How do I query HTML embedded inside a string inside a JSON file with Apache Drill?


I'm trying to use Apache Drill (for the first time) on a JSON file that looks like this:

{
    "Key1": {
      "htmltags": "<htmltag attr1='bravo' /><htmltag attr2='delta' /><htmltag attr3='charlie' />"
    },
    "Key2": {
      "htmltags": "<htmltag attr1='kilo' /><htmltag attr2='lima' /><htmltag attr3='mike' />"
    },
    "Key3": {
      "htmltags": "<htmltag attr1='november' /><htmltag attr2='foxtrot' /><htmltag attr3='sierra' />"
    }
}

My initial query was the hello world of drill: SELECT * FROM DataFile.json, and returned me the columns Key1, Key2, Key3. They only had one row, and it contained the entry: "<htmltag attr1='bravo' /><htmltag attr2='delta' /><htmltag attr3='charlie' />" [i.e., only the entry Key1.htmltags].

I have two questions:

  1. Why was there only one row returned, when there were three differently valued entries for each key?
  2. After using the KVGEN/FLATTEN functions to get at my strings inside "htmltags" above, is there a way to drill further into (analyse and extract data from) the HTML tags?

Solution

  • Unfortunately, it looks like Drill isn't the right tool (v1.1.0 as of this writing on Homebrew) for the job.
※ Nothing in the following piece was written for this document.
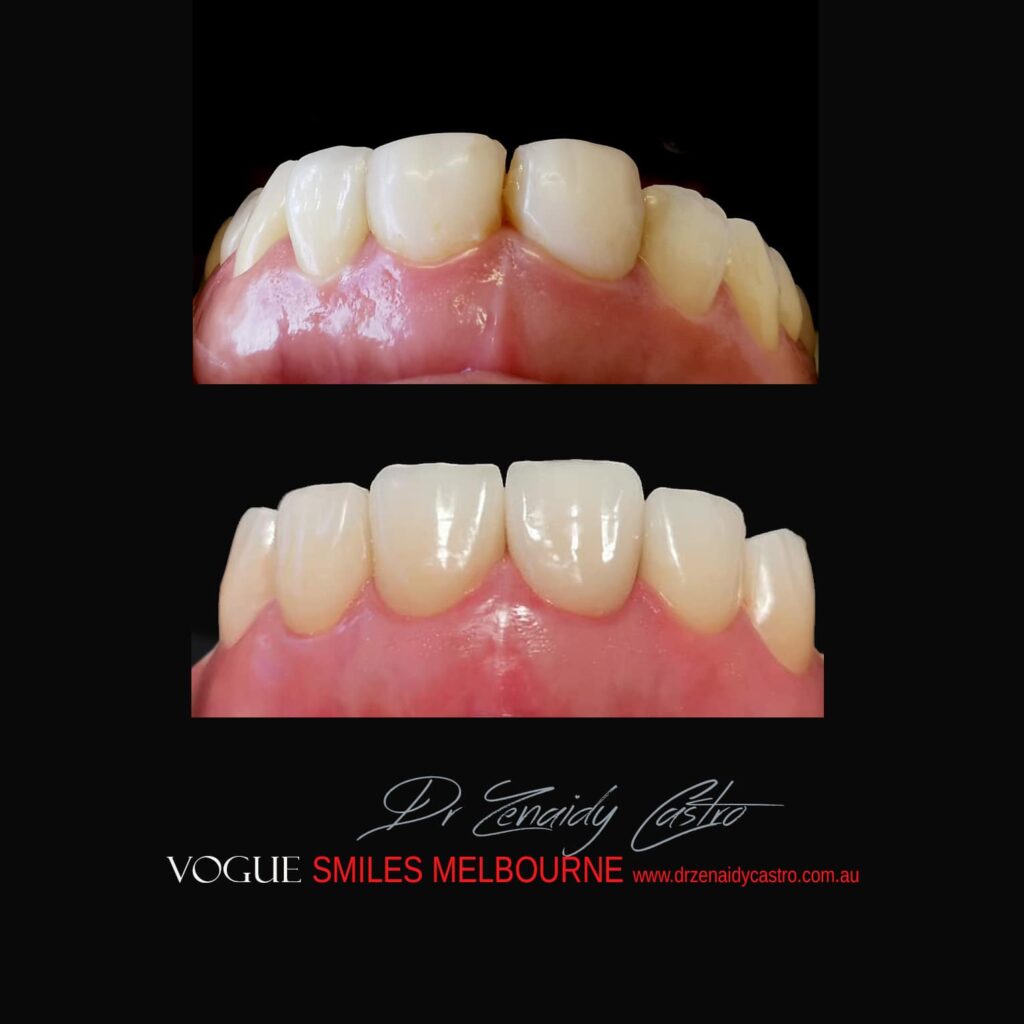 VOGUE-SMILES-COSMETIC-DENTISTRY-TREATMENT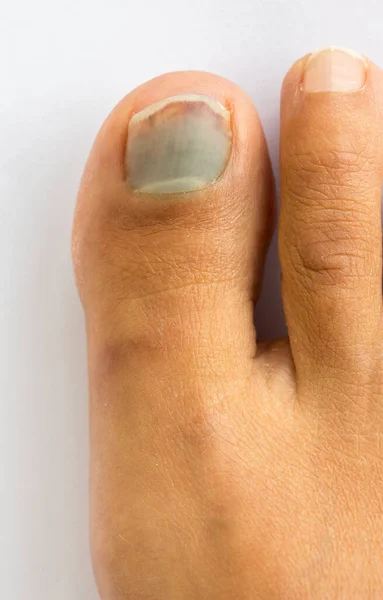Close Subungual Hematoma Blue Black Toe Nail — Stock Photo, Image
    1. It looks like there is a bug with the system which is the reason why there is only one row despite multiple columns. I've filed a report: https://issues.apache.org/jira/browse/DRILL-4102
    2. I've scoured the documentation once again, there are no tools to analyse HTML or XML natively. Depending on string manipulation for this is not a task I relish.

    Hence, I'll go with an XML parser, DOM tree crawler or the like, and use a bash string function to extract the target tag strings awk/tee.